Brief —
Without copying any picture, transcribe exactly the lines of the data below from the one containing "Albenth 40X-1000X Trinocular" through the one containing "Anti-NFkB-p65 (G530) Antibody".

Material for the task —
Content starts
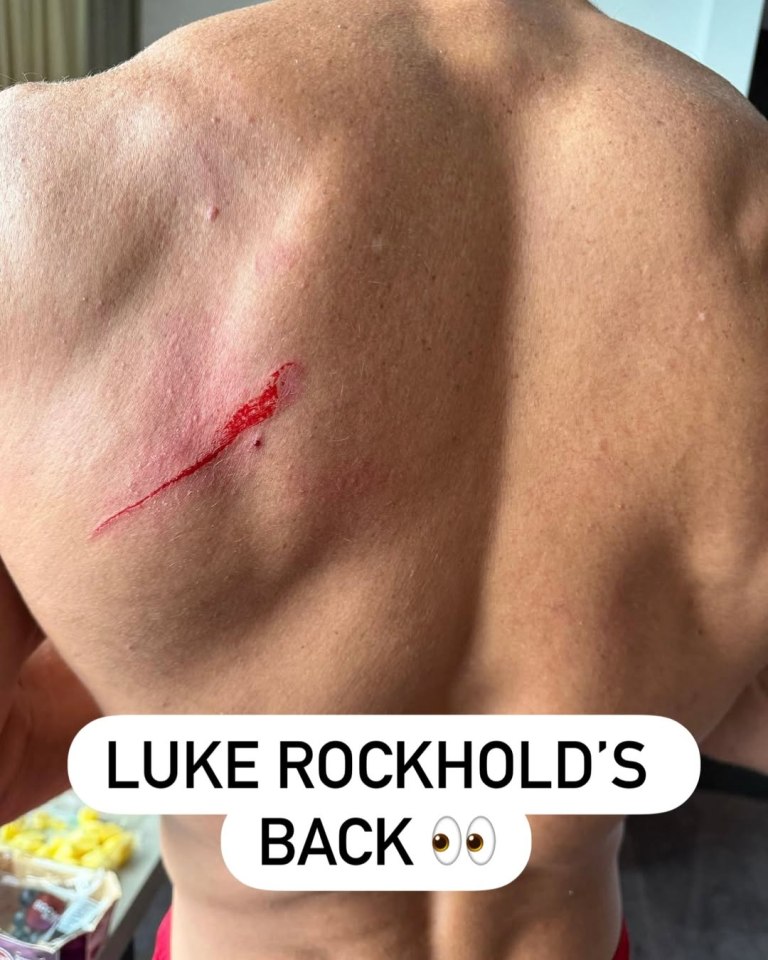 Luke Rockhold's back with a long scratch and bleeding.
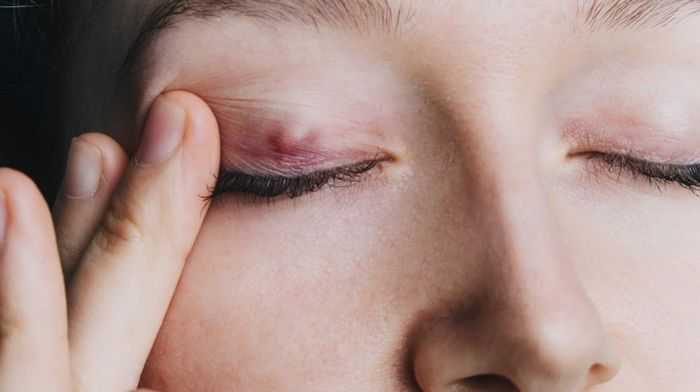 Халязион: причины, симптомы и лечение Халязион: причины, симптомы и лечение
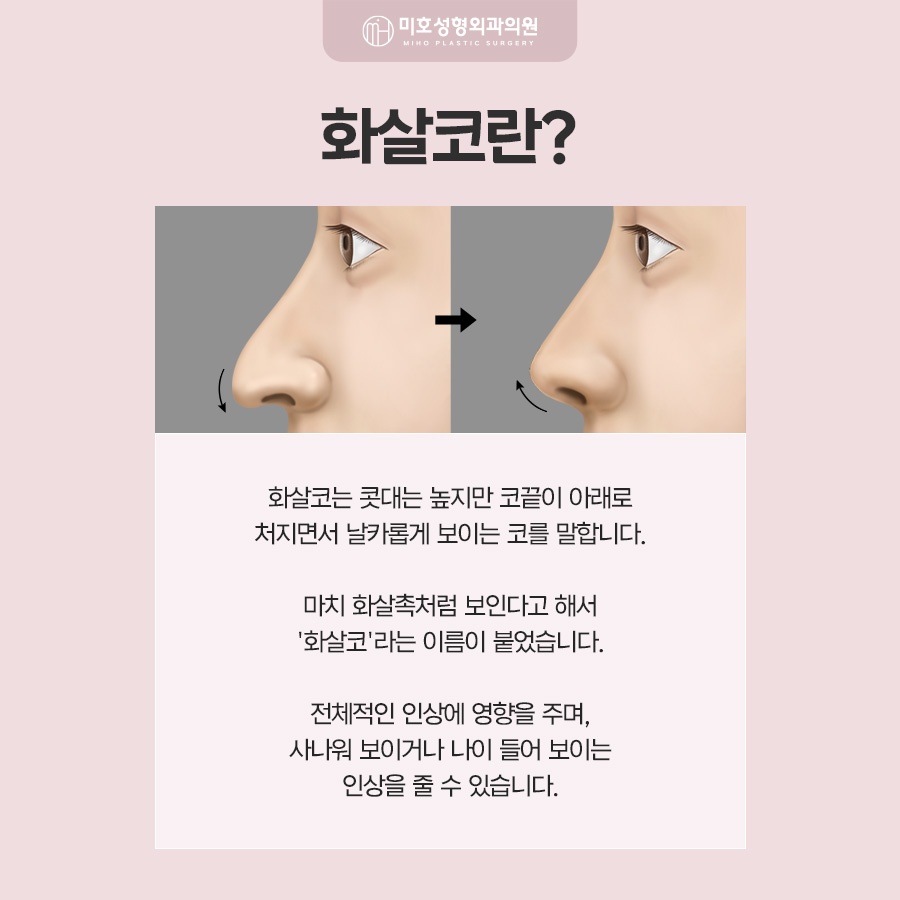 화살코 형태의 원인과 개선 방법 관련 이미지 2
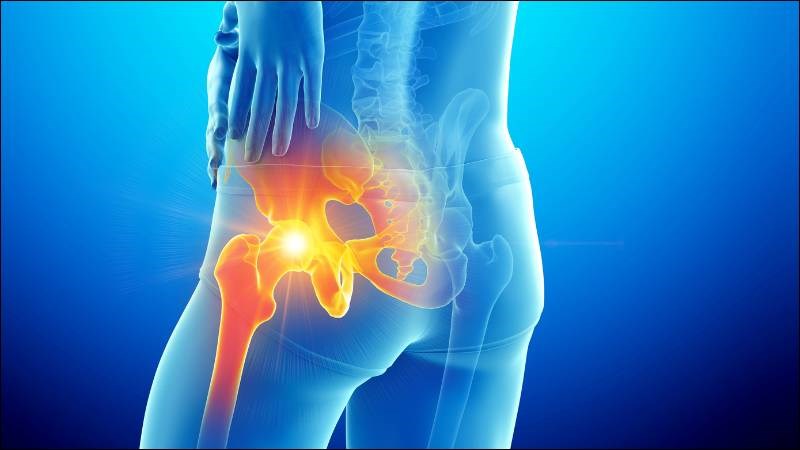 Viêm khớp là nguyên nhân gây đau hông thường gặp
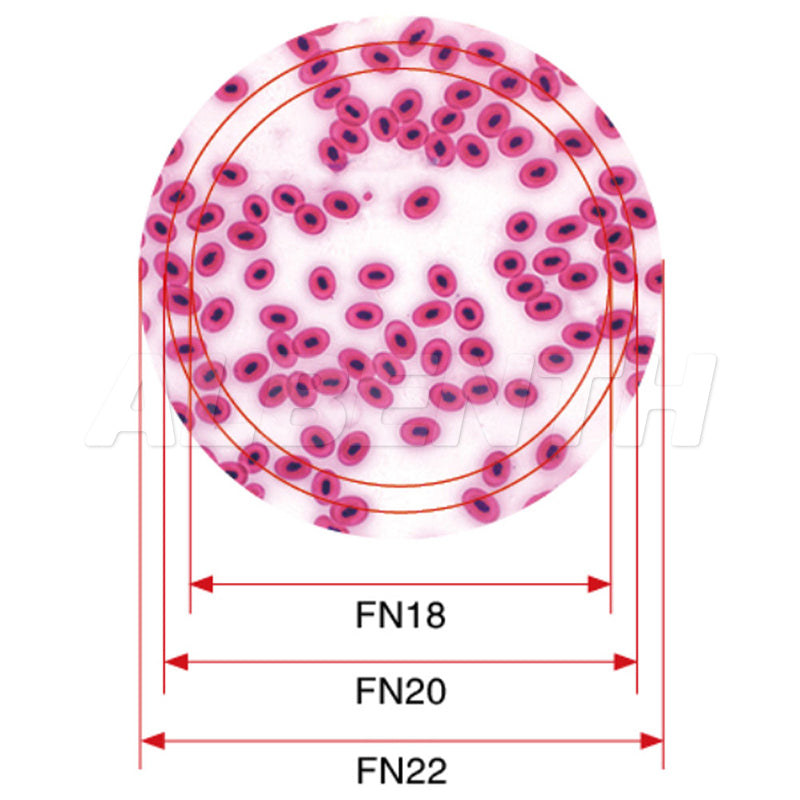 Albenth 40X-1000X Trinocular Infinity Plan Achromatic Compound Biological Microscope For Clinical Laboratory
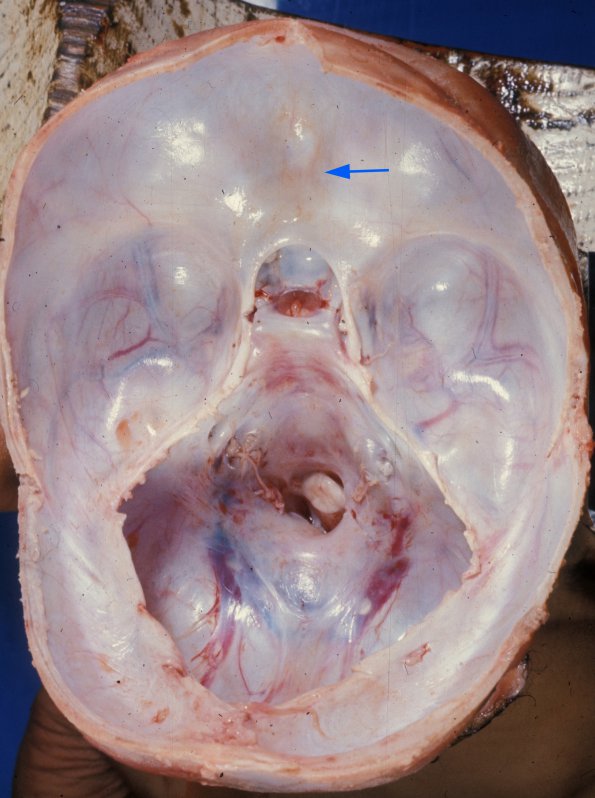 9A Holoprosencephaly (Case 9) 1AA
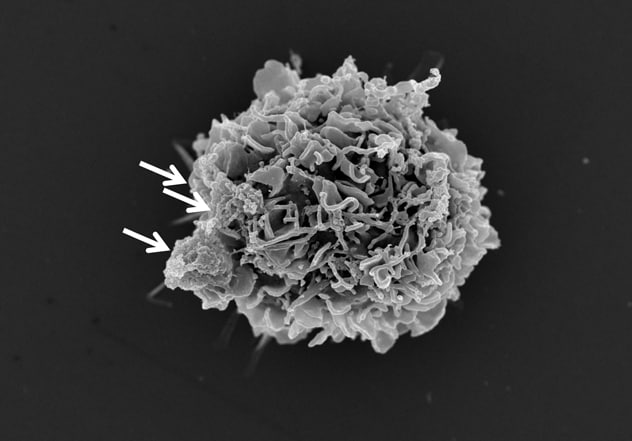 Vesículas extracelulares de glioblastoma que se unen al glóbulo blanco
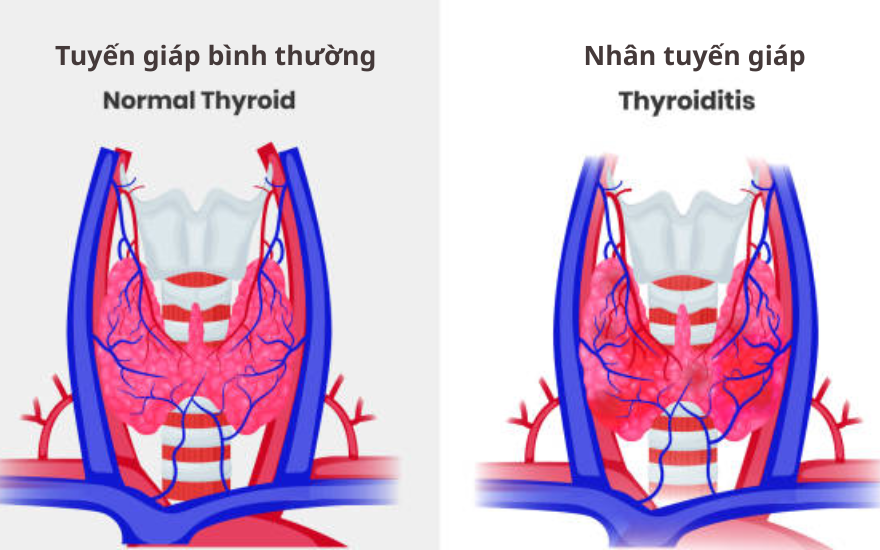 Nguyên nhân gây nhân tuyến giáp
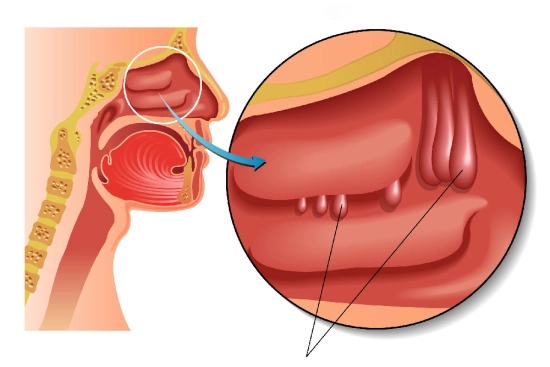 Causes des polypes nasaux Causes des polypes nasaux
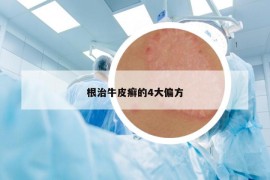 根治牛皮癣的4大偏方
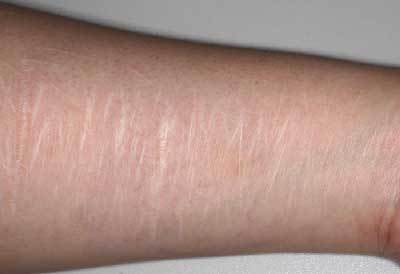 CO2フラクショナルレーザーによるリストカット痕治療前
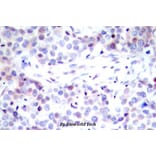 Anti-NFkB-p65 (G530) Antibody from Bioworld Technology (BS1257) - Antibodies.com
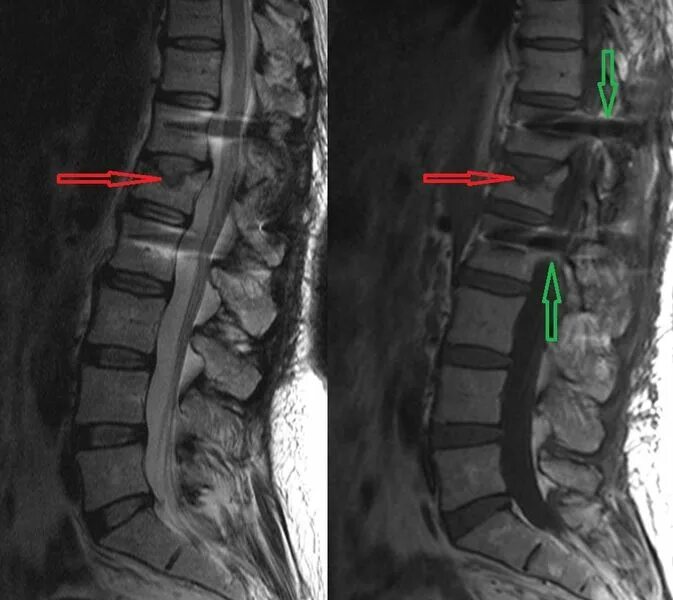 Поясничный отдел позвоночника фото на человеке МРТ позвоночника: что показывает и когда назначается. КТ или МРТ спины лучше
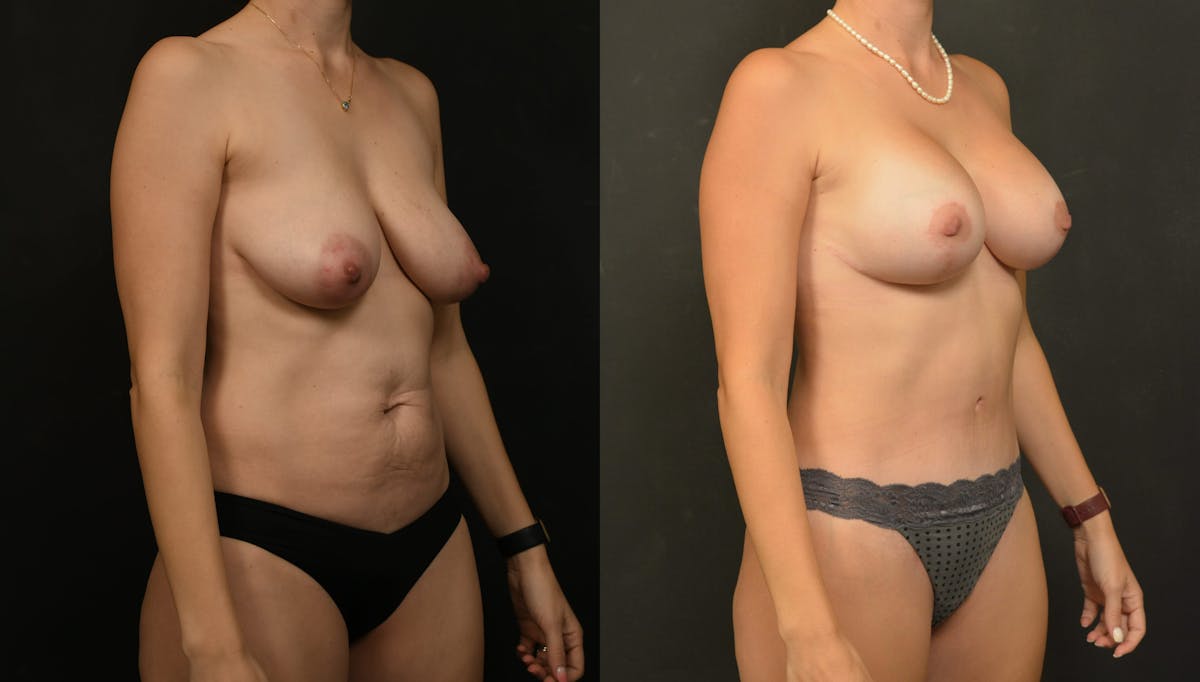 Reductive Augmentation Before & After Gallery - Patient 173376 - Image 4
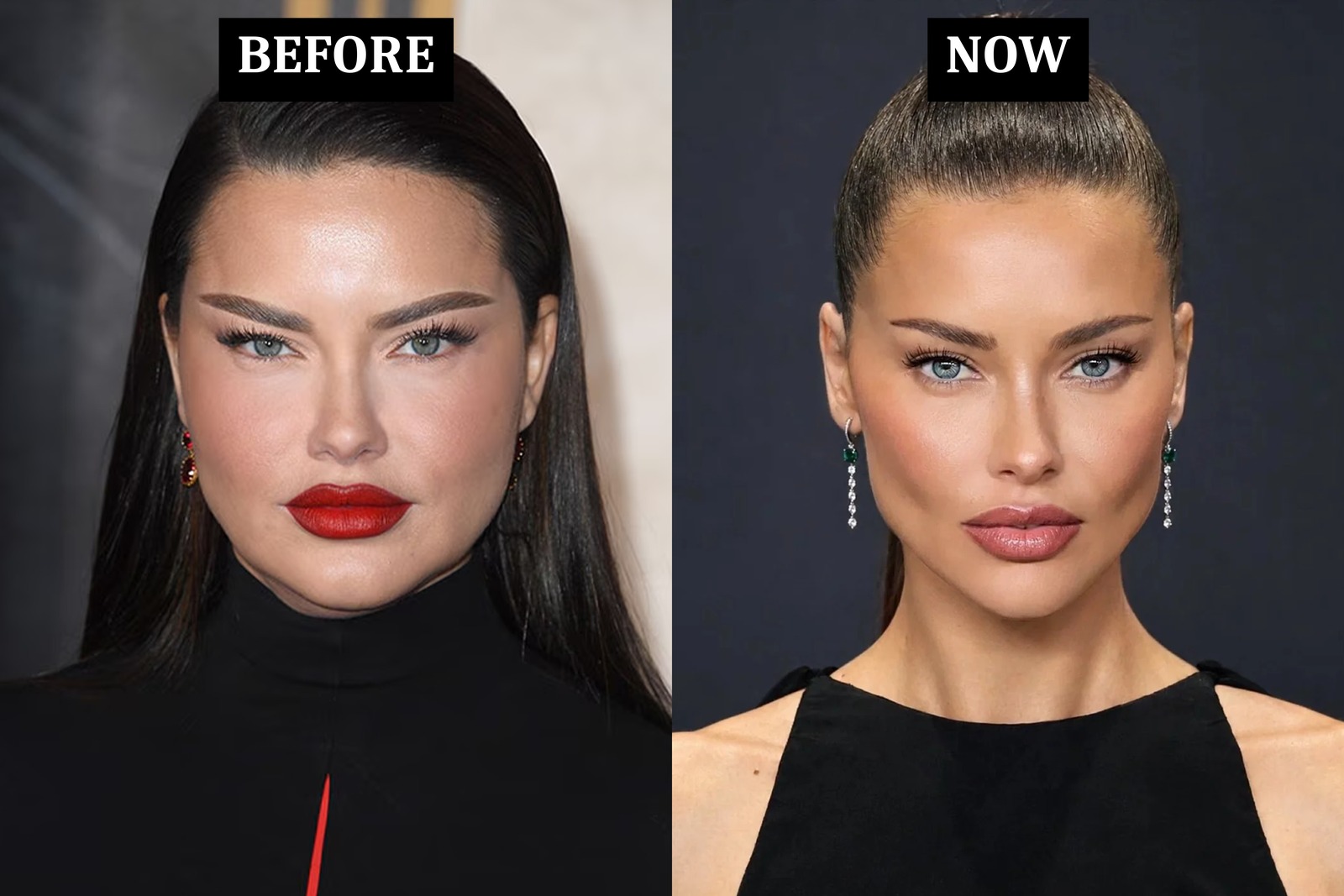 Surgery or Weight Loss? The Adriana Lima Test I Use in Every Consult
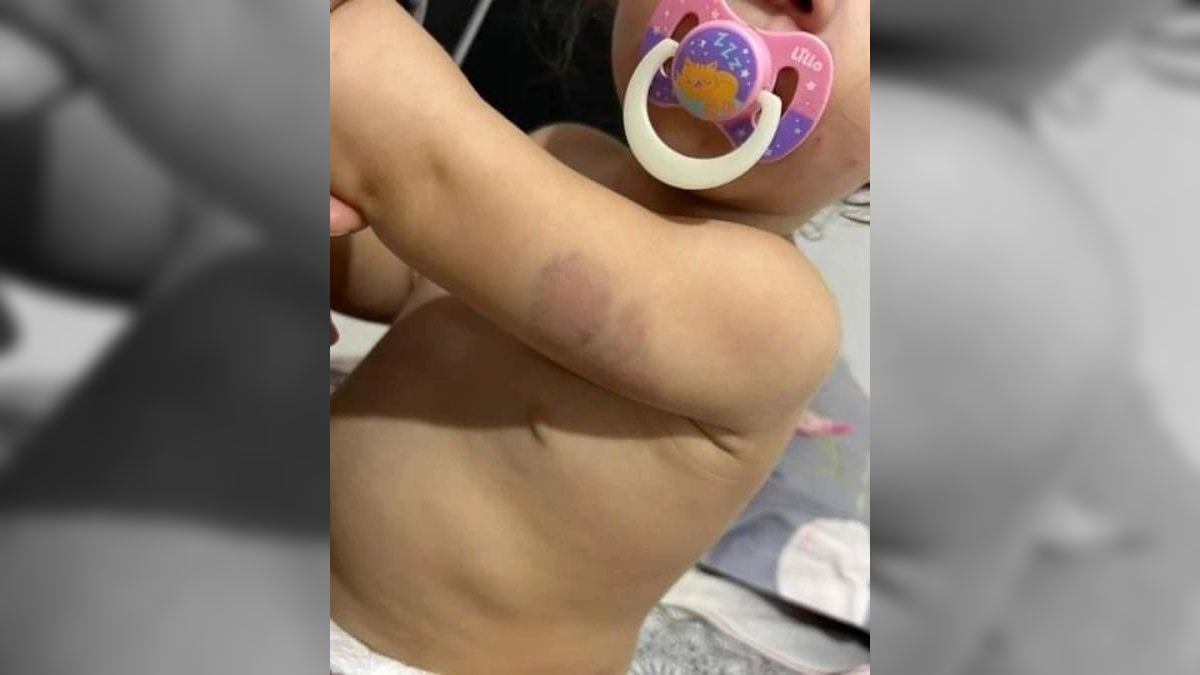 Polícia Civil investiga agressões sofridas por criança de 1 ano em creche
Content ends
Your solution —
 Albenth 40X-1000X Trinocular Infinity Plan Achromatic Compound Biological Microscope For Clinical Laboratory
 9A Holoprosencephaly (Case 9) 1AA
 Vesículas extracelulares de glioblastoma que se unen al glóbulo blanco
 Nguyên nhân gây nhân tuyến giáp
 Causes des polypes nasaux Causes des polypes nasaux
 根治牛皮癣的4大偏方
 CO2フラクショナルレーザーによるリストカット痕治療前
 Anti-NFkB-p65 (G530) Antibody from Bioworld Technology (BS1257) - Antibodies.com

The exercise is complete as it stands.